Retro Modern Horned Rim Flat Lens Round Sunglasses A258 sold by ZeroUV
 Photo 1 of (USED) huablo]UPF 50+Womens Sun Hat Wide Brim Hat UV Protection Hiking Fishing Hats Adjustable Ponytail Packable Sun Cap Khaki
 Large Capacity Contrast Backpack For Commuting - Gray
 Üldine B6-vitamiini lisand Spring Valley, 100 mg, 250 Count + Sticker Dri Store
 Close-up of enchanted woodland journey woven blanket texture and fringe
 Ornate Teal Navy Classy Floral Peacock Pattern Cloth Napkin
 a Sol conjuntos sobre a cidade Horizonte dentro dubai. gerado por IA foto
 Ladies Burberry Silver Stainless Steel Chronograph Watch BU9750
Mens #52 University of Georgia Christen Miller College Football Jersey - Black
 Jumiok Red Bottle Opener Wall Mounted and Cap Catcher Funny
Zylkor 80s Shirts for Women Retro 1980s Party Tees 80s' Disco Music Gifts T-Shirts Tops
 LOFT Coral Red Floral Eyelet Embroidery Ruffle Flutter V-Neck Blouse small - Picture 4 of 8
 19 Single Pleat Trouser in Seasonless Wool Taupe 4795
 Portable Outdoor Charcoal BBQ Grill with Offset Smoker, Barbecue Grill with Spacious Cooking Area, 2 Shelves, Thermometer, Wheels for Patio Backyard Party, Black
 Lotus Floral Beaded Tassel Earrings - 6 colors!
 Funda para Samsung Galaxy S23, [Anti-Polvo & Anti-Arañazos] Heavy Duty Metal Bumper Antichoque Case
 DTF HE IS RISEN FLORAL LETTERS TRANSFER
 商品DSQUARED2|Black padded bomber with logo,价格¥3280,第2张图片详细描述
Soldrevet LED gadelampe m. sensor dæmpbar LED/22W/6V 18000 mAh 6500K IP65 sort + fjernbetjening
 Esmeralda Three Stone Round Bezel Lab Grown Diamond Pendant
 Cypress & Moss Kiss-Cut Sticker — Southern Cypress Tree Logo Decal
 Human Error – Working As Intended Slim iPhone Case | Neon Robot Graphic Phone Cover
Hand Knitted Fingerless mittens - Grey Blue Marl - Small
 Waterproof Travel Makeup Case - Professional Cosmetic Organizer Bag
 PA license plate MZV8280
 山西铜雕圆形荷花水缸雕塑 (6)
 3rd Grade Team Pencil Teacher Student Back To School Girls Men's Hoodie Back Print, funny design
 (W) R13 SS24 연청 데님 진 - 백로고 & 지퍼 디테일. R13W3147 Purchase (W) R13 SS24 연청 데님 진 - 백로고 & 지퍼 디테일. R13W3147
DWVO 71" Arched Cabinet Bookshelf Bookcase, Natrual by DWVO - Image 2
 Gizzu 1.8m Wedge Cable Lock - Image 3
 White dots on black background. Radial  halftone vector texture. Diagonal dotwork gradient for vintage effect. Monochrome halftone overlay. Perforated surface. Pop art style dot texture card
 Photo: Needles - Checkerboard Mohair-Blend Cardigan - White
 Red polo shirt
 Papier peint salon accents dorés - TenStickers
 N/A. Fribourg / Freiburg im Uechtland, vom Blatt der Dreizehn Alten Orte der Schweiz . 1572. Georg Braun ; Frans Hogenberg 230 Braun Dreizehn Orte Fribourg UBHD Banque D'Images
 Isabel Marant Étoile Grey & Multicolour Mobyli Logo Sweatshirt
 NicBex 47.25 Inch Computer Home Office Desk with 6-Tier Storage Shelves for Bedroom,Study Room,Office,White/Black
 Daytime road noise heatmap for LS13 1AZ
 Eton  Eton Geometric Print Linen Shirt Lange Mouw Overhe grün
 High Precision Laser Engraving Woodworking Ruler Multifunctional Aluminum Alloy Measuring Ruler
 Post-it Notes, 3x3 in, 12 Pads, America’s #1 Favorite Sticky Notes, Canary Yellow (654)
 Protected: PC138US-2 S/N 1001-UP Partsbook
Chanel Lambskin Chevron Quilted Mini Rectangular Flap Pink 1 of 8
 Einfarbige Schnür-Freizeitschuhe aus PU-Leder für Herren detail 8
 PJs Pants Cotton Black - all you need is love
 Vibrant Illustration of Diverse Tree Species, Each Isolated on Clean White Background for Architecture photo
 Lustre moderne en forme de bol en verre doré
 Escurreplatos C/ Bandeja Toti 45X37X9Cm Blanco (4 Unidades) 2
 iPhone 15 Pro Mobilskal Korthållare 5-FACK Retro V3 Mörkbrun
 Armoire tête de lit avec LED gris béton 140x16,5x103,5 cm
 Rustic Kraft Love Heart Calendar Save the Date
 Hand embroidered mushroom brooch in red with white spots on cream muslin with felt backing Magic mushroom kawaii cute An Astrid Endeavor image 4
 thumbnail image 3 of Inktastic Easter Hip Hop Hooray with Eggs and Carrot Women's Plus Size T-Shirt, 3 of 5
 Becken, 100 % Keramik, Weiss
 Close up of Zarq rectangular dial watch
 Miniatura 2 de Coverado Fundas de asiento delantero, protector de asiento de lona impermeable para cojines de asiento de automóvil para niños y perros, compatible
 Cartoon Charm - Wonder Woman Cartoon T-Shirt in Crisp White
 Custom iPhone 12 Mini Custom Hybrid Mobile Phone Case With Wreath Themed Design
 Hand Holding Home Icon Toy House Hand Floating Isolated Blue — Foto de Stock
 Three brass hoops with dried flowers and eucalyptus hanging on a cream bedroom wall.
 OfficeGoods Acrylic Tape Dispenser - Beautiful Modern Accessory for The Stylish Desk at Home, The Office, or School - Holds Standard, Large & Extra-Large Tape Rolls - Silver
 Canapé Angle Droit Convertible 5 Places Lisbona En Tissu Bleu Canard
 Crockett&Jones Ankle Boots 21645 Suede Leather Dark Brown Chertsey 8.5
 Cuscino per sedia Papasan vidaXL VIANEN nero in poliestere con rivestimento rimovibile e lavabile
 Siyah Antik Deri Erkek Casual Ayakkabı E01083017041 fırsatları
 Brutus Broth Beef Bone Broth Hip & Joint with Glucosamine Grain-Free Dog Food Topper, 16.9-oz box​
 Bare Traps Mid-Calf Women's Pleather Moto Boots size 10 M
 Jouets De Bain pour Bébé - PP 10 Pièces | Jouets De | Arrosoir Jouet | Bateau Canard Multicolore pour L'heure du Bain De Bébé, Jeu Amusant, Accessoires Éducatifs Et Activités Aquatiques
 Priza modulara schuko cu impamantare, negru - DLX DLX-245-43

• • •

EXERCISE DIRECTIONS: Starting at the line that has "Esmeralda Three Stone" and ending at the line that has "Papier peint salon", please write out the lines above exactly, leaving out all others.

TASK ANSWER:
 Esmeralda Three Stone Round Bezel Lab Grown Diamond Pendant
 Cypress & Moss Kiss-Cut Sticker — Southern Cypress Tree Logo Decal
 Human Error – Working As Intended Slim iPhone Case | Neon Robot Graphic Phone Cover
Hand Knitted Fingerless mittens - Grey Blue Marl - Small
 Waterproof Travel Makeup Case - Professional Cosmetic Organizer Bag
 PA license plate MZV8280
 山西铜雕圆形荷花水缸雕塑 (6)
 3rd Grade Team Pencil Teacher Student Back To School Girls Men's Hoodie Back Print, funny design
 (W) R13 SS24 연청 데님 진 - 백로고 & 지퍼 디테일. R13W3147 Purchase (W) R13 SS24 연청 데님 진 - 백로고 & 지퍼 디테일. R13W3147
DWVO 71" Arched Cabinet Bookshelf Bookcase, Natrual by DWVO - Image 2
 Gizzu 1.8m Wedge Cable Lock - Image 3
 White dots on black background. Radial  halftone vector texture. Diagonal dotwork gradient for vintage effect. Monochrome halftone overlay. Perforated surface. Pop art style dot texture card
 Photo: Needles - Checkerboard Mohair-Blend Cardigan - White
 Red polo shirt
 Papier peint salon accents dorés - TenStickers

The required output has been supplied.